A geochemical database of MORB and a geophysical database have been assembled for the entire Mid-Atlantic Ridge (MAR). Using Geographic Information System (GIS), an integrative study of geochemical variations has been conducted at (a) the entire MAR scale; (b) a regional scale (∼3000 km); (c) an anomaly scale; (d) an individual ridge segment scale. Because MORB provide a window into the Earth's mantle, this comprehensive database provides the first look at regional compositional boundaries and widespread geochemical anomalies in the subaxial mantle along the entire MAR.; The MAR can be divided into five mantle regions. Region I (MAR south of Cox FZ) has higher 87Sr/86Sr and lower Pb isotope ratios than the average (average for the MAR excluding anomalies: 87Sr/86Sr: 0.7027, 143Nd/144 Nd: 0.51312, 206Pb/204Pb: 18.46, 207Pb/204Pb: 15.14, 208Pb/204 Pb: 38.03). Region II (MAR between Cox FZ and Doldrums FZ) has lower 87Sr/86Sr but higher Pb isotope ratios than the average. Region III (segments between Doldrums FZ and Hays FZ) has lower 87 Sr/86Sr, higher 143Nd/144Nd and lower Pb isotope ratios than the average.
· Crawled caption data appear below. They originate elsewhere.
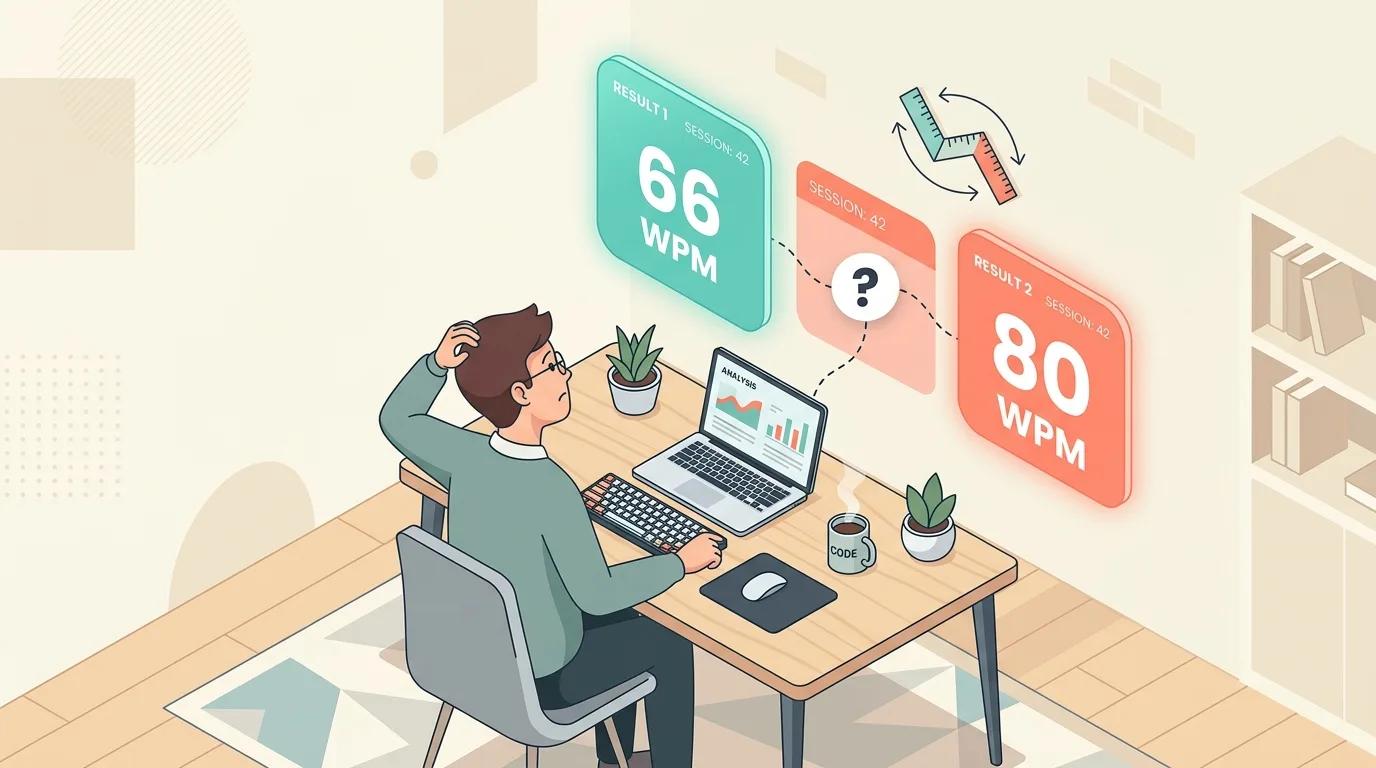 Why Your Typing Test Score Changes Every Time You Take One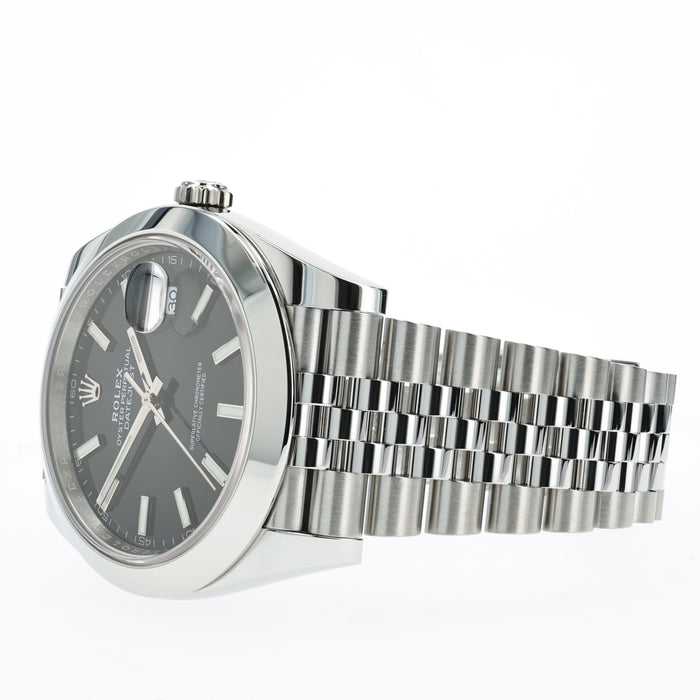 Rolex Datejust 41 Black Dial Stainless Steel Jubilee 126300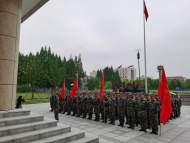 民兵點驗展風采 鏗鏘誓言顯擔當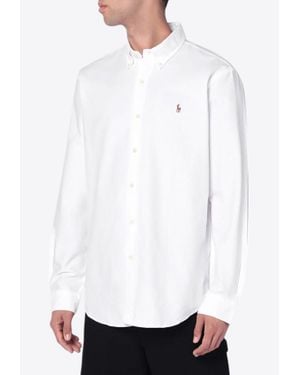 Polo Ralph Lauren Oxford Long-Sleeved Shirt - White
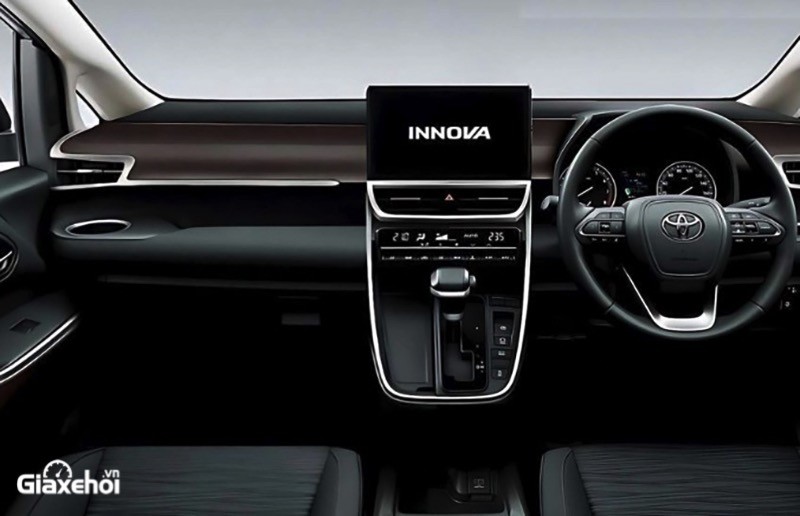 Khoang lái xe Toyota Innova 2023 hiện đại.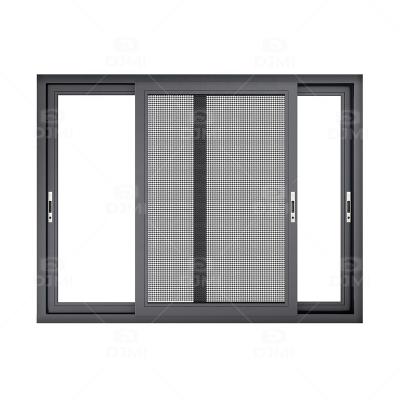 China Magnetic Screen High quality sliding windows aluminium sliding window for home aluminum sliding window casement glass for sale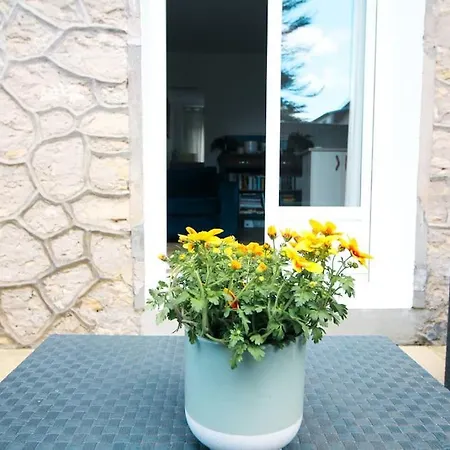 Appartement Avec Terrasse Privee, Plage A Pied Saint-Aubin-Sur-Mer  Extérieur photo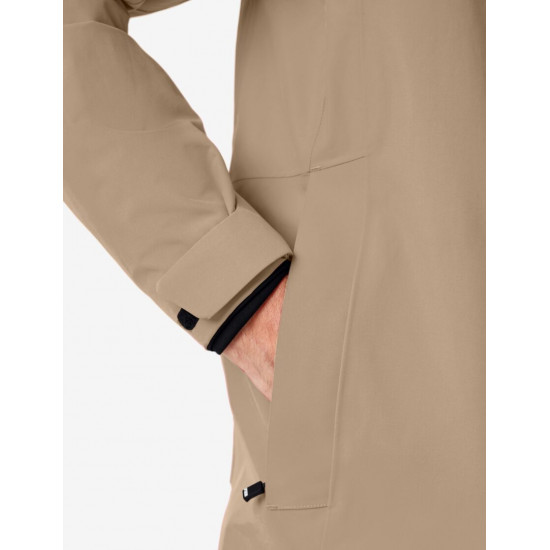 Luca, hardshell jas, waterdicht, beige-zwart Luca, hardshell jas, waterdicht, beige-zwart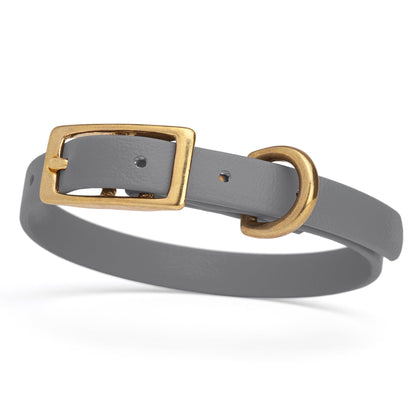 Dogline Viper Biothane Waterproof Dog Collar - Brass Hardware - Size XS (9" - 12")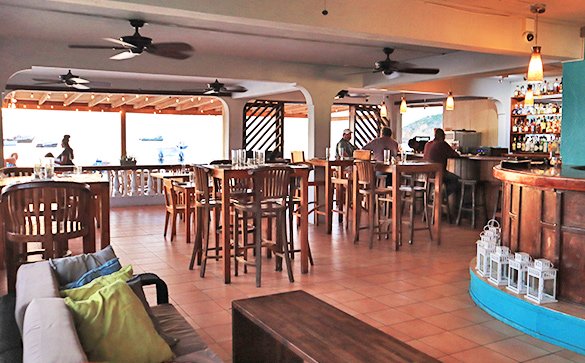 Inside dining room at sandBar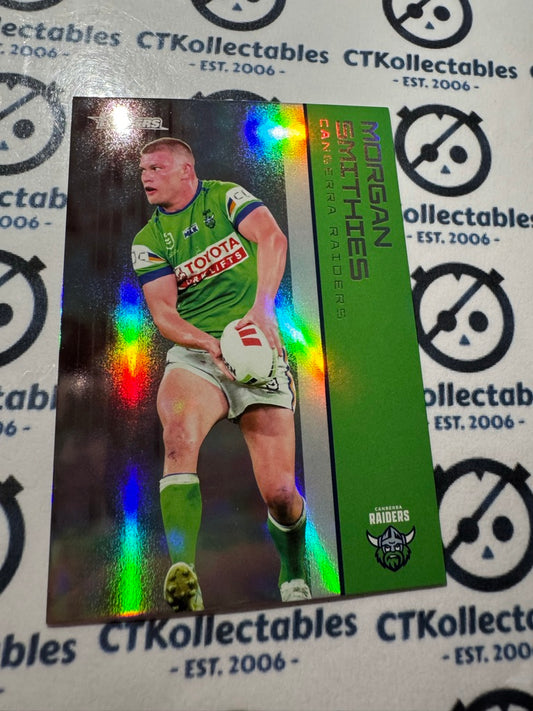 2025 NRL Traders Silver Parallel PS 013 MORGAN SMITHIES RAIDERS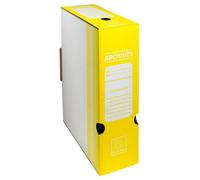 Boite archive Dos 100mm carton ondulé couleurs - 25x34cm - Jaune
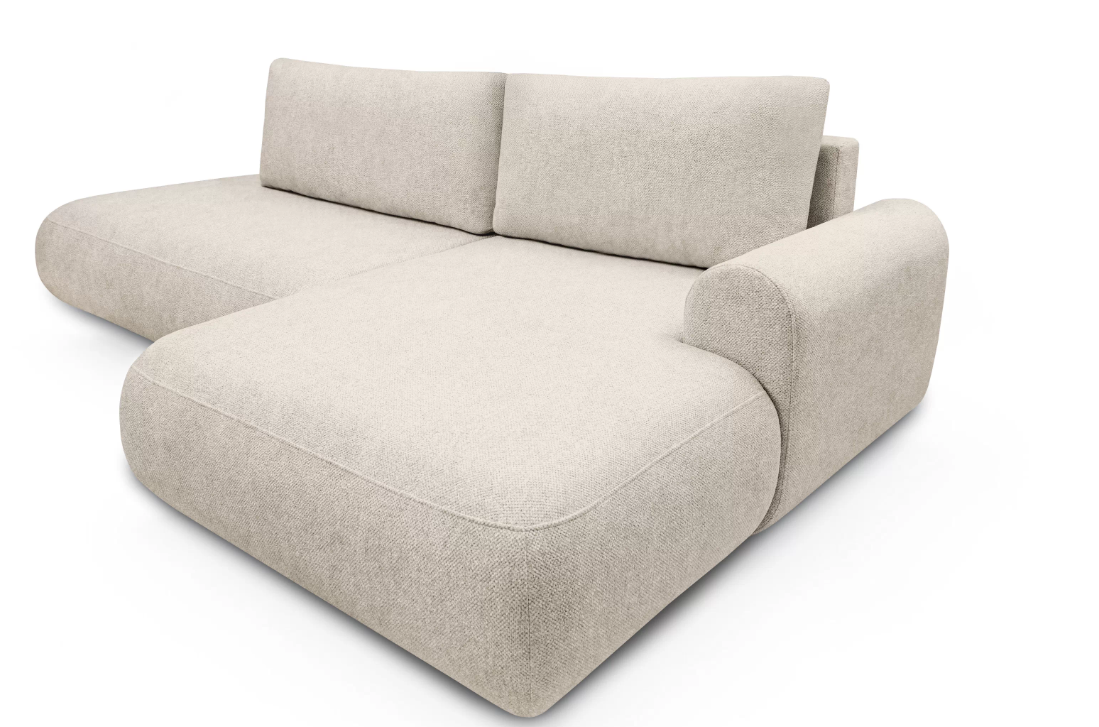 Luna II Open-End  Corner Sofa  Bed Vibe RHF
Region IV (the Azores area from Hayes FZ to Charlie Gibbs FZ) has higher 87Sr/86Sr and Pb isotope ratios, but lower 143Nd/144Nd. Region V (segments north of Charlie Gibbs FZ) has isotope ratios close to the average. Regional variations are also observable from satellite altimetry.; Superimposed on these mantle regions are depleted and enriched anomalies. The depleted anomalies are observed at the segment between Chain FZ and Ascension FZ, the segment just south of Charlie Gibbs FZ, and the segment between Kane FZ and 15°20' FZ. Among enriched anomalies, Iceland may be the only anomaly having a truly deep mantle plume source. The Azores are formed by broad upwelling of the upper mantle. Most other anomalies originate from “wet” enriched lumps embedded in the upper mantle or from small-scale upper mantle plumes.; The MAR is formed by active upwelling of many sub-segment size melting diapirs embedded within a spreading-induced passive upwelling upper mantle.